**WHAT THE TASK ASKS:**
Word for word, retype the lines from the one containing "Asymmetric Gilet Style" to the one containing "近千名选手垂直攀登山城之巅 第十三届重庆解放碑登高楼大赛圆满举行2.png" below, keeping both end lines and dropping the pictures.

**INFORMATION SHOWN:**
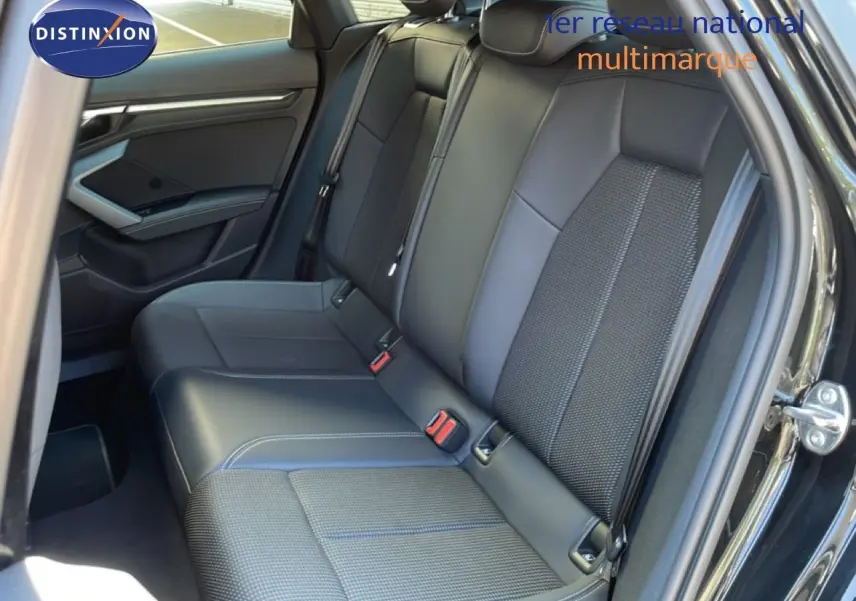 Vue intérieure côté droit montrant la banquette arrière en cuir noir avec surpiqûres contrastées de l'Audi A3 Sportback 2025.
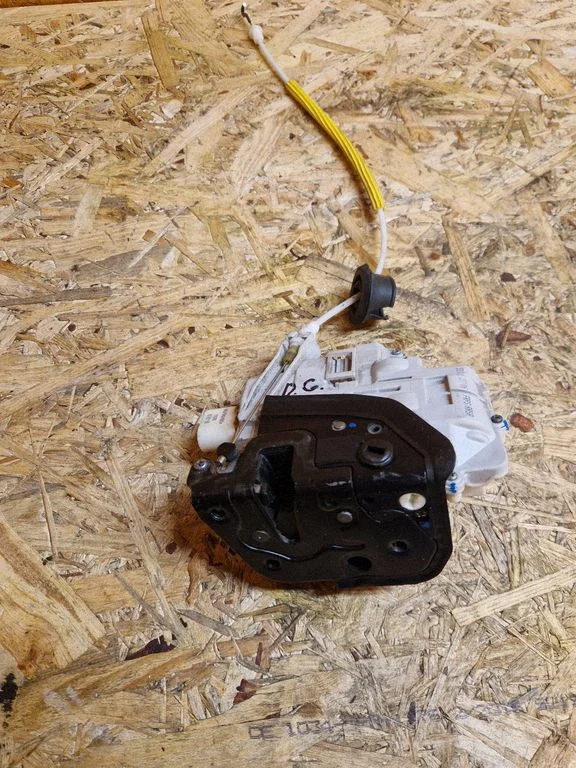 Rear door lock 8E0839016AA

--

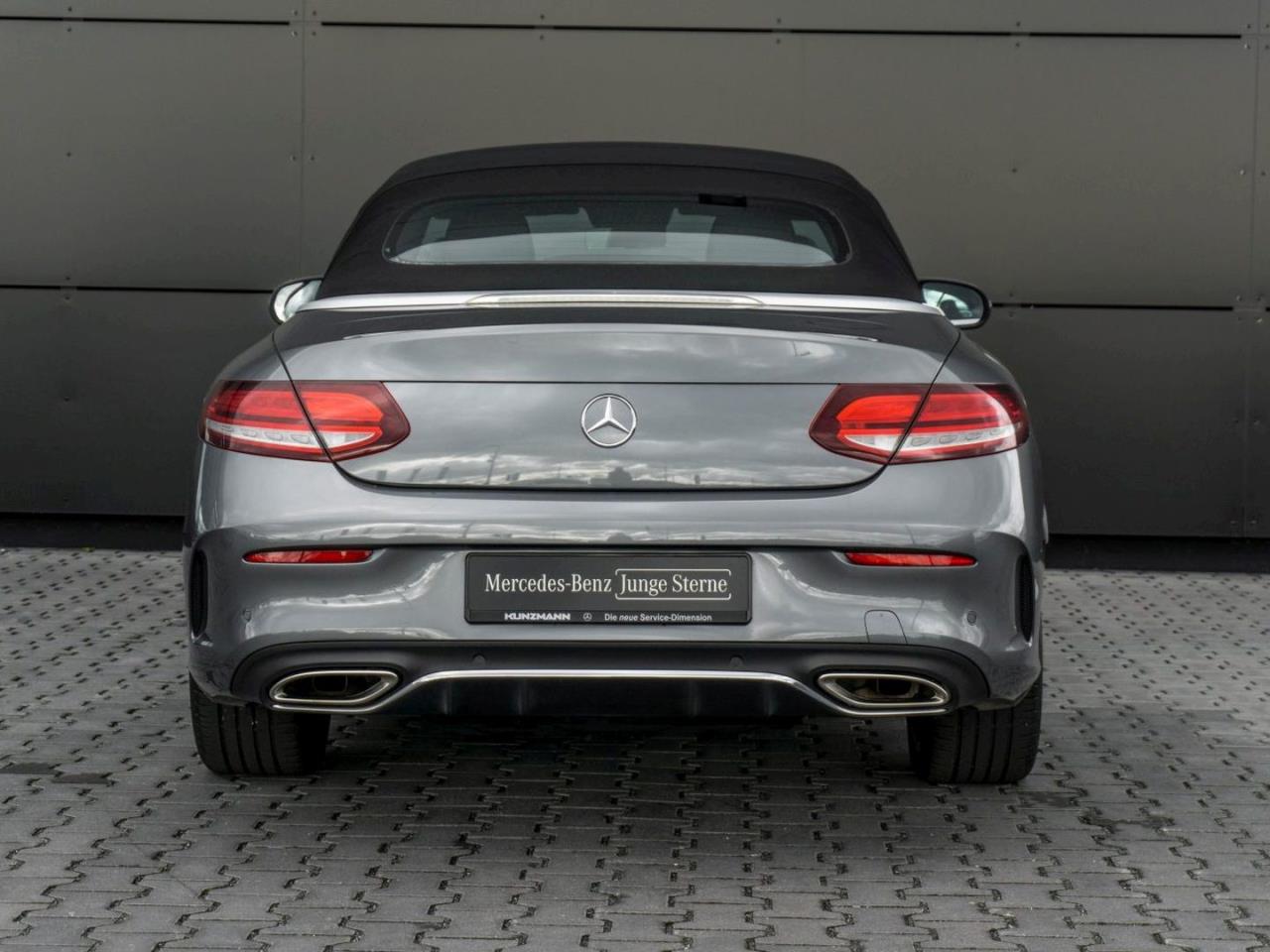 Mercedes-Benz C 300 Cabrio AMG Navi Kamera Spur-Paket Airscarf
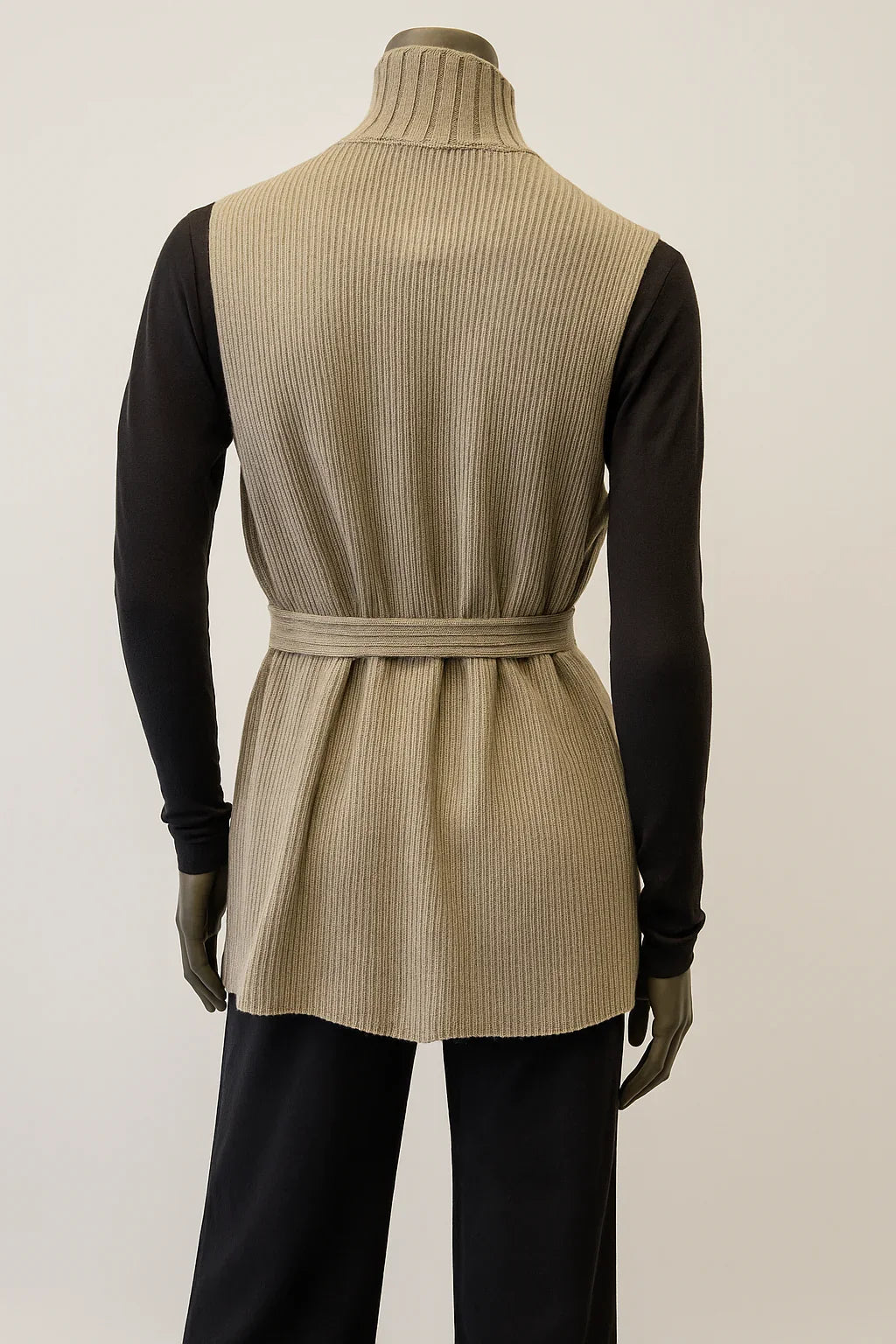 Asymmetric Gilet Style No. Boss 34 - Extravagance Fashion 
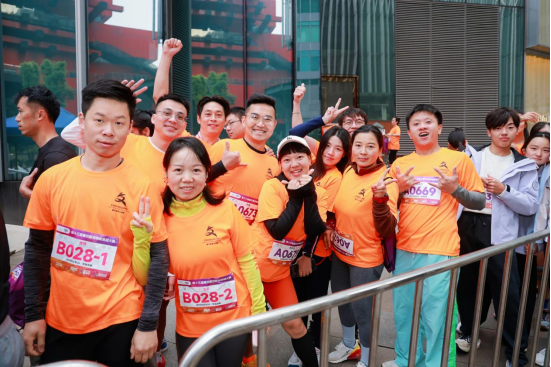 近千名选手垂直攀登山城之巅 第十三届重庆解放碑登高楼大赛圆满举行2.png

--

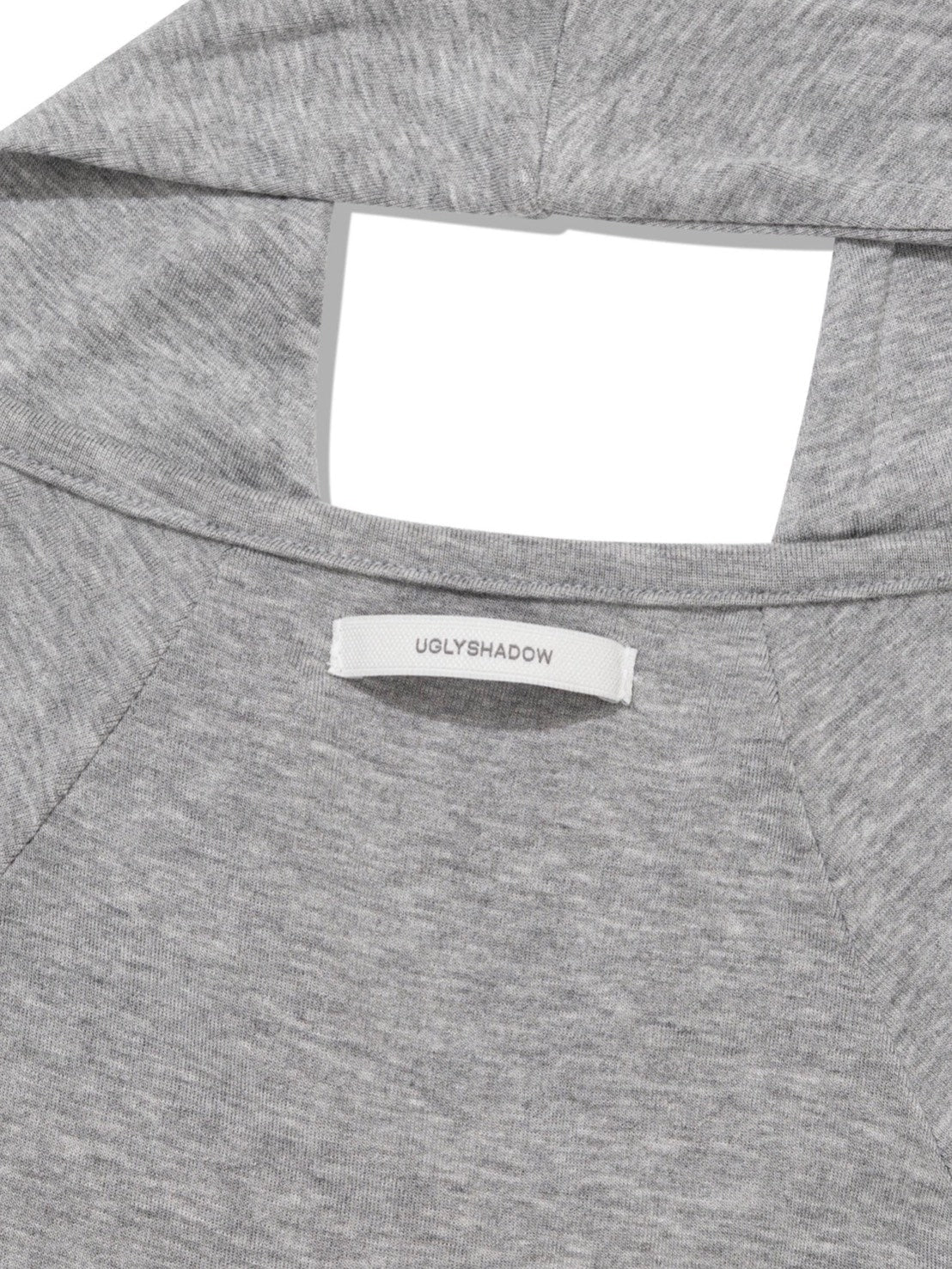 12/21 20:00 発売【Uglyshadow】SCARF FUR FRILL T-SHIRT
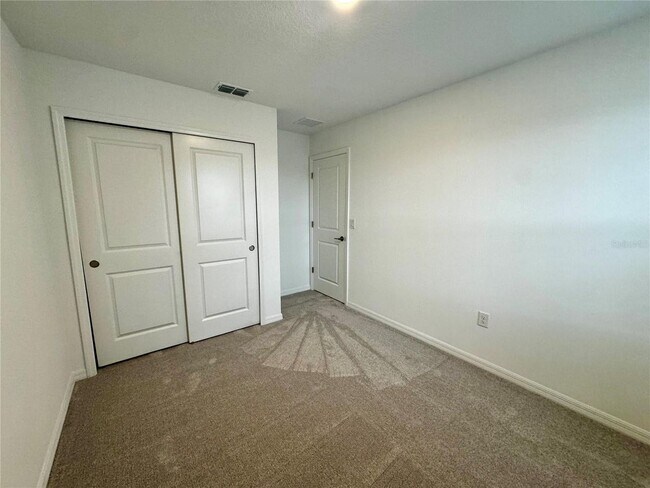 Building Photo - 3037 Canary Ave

**SOLUTION TO THE EXERCISE:**
 Asymmetric Gilet Style No. Boss 34 - Extravagance Fashion 
 近千名选手垂直攀登山城之巅 第十三届重庆解放碑登高楼大赛圆满举行2.png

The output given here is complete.